Killer by David Drake, Karl Edward Wagner

“Excellency, I’m so embarrassed,” now whined a plump steward who had been conversing in a low voice with the slaves who were handling the pigeon baskets. “We haven’t any more birds ready for your excellency. Some very nice deer, some panthers, or . . .”

The steward broke off and swallowed. Domitian had said nothing, but the Emperor’s eyes were focused unblinkingly upon the steward. The unhappy servant forced his tongue to continue speaking, although he had very little consciousness of the words. “Or we could drive peacocks by, of course.”

“Regular arrow,” Domitian said, handing his bow to the loader without looking away from the steward.

Down the field, the slave boy was still cartwheeling expertly with bloody palms and sandals toward the distant arrow. There were scores of pigeons strewn between ten and forty yards of the imperial archer. Almost all of them had been lopped apart by arrows like the one now being exchanged for a normal point by the loader. The heads of the arrows that Domitian was using on the birds were double-pointed sickles a hand’s breadth wide. The crescent blades were razor sharp across the whole inner curve. A few of the pigeons had fluttered to safety in the distant woods, but very few; the blood of the remainder had spattered the grass across a wide area as they fell. The slave had cartwheeled across the expanse of carnage, concerned only that he not slip in the blood and loose feathers. He had often seen worse.

The last six arrows had fallen at some distance one from another, depending on the angle at which panic had taken individual pigeons into the air. The slave stuck the shaft of each arrow into his mouth so that he could continue to cartwheel to the next.
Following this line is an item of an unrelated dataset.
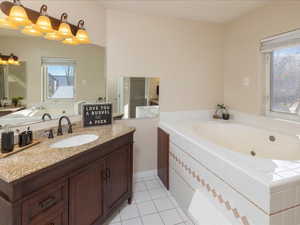 Bathroom featuring vanity, tile patterned floors, and tiled bath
He had known before the steward had realized it that there were no more pigeons ready to be shot. The slave was determined to end his performance on a high note.
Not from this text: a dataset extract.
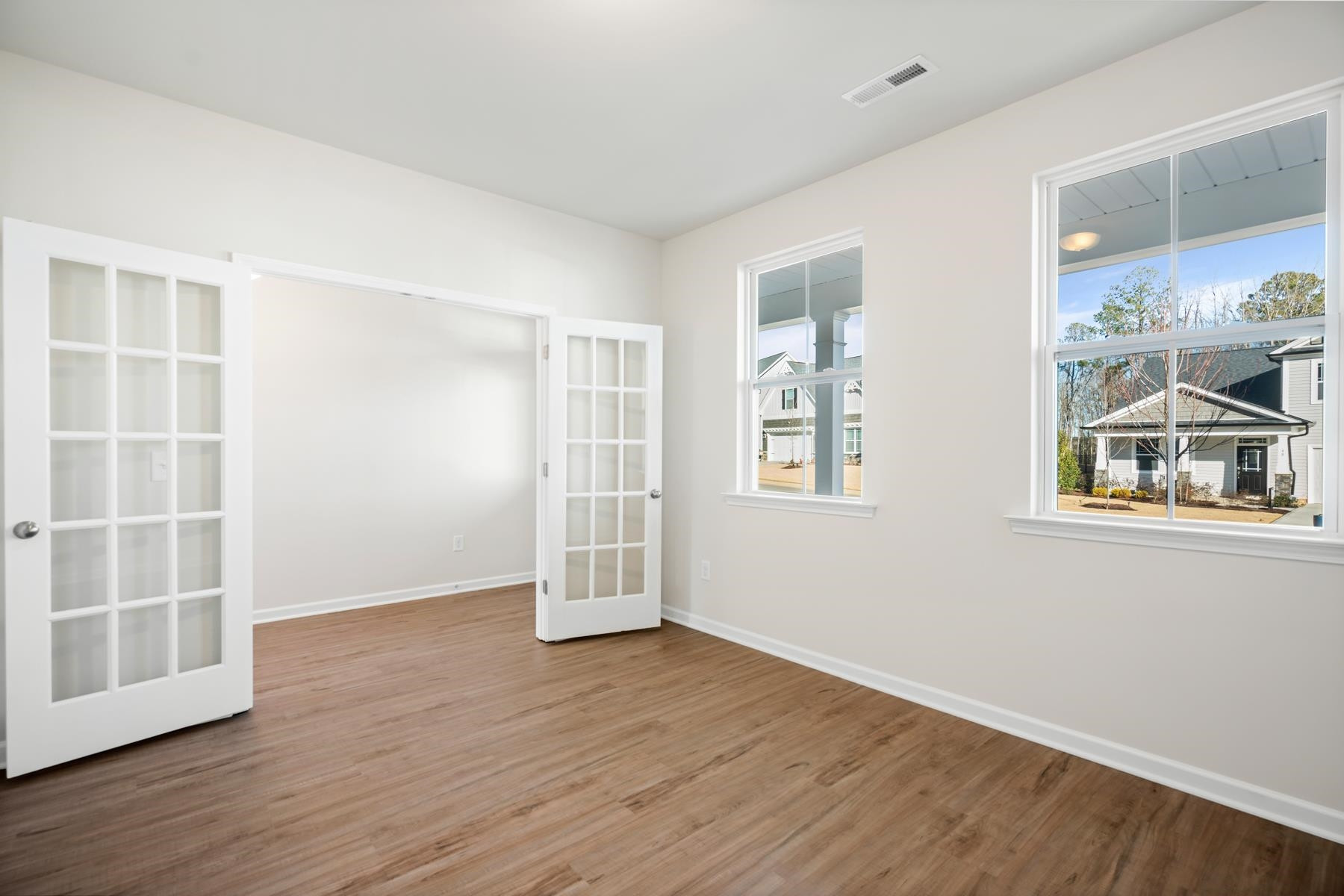 158 Karlov Road Garner, NC 27529 - Photo 4 of 37 an empty room with wooden floor and windows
At Domitian’s feet, the dwarf attempted a cartwheel of his own. Midway through, he shifted into a series of forward and backward somersaults, then stood on his hands giggling.

The slave boy caught up the sixth arrow and sprang into the air with his arms spread wide, a trio of arrows in either hand. Domitian moved, drawing the bow as if he and the bow and the boy down-range were all part of the same complex machine. The slave had a bright smile as his feet touched the ground again. His eyes did not have time to focus on what the Emperor was doing, much less on the arrow that was only a flicker in the air as it snapped toward him.

The boy yelped and fell over.

The house staff—a senior usher, two ushers, and a pair of armed Germans—had arrived with the newcomer, a richly tanned foreigner over six feet tall.

“You go stand against that beech tree there,” the Emperor said to the steward responsible for the morning’s recreation. He gestured with an eyebrow toward a tree ten yards away. Its size, four feet in diameter at head height above the ground, had caused it to be spared when lesser trees were cleared for the sports area. “Hold your hand above your head and spread your fingers.”

“Master and god . . . ?”

The boy who had been gathering arrows bounded upright with an amazed look upon his face. His right foot was now bare. He held not only the six crescent-headed bird arrows but the last shaft as well—spiked through his right sandal between where his first and second toes had rested.

The gathering—the freemen and the higher-ranked slaves—hummed with “Brilliant!” and “Magnificent!” The steward was particularly enthusiastic, until the Emperor’s eyes turned back to him. The pudgy servant scampered toward the beech tree with a fixed smile on his face.

“Yes, it was rather good, wasn’t it,” the Emperor said with a pleased smile. He was already beginning to forget that only chance could have been that accurate, and that all he had been trying to do was to pin the slave’s foot to the ground.

“And what are you, barbarian?” Domitian called from behind a hedge of armed guards. The Emperor’s nose was wrinkling, although the newcomer had no odor discernible to the servants and counsellors closer to the man.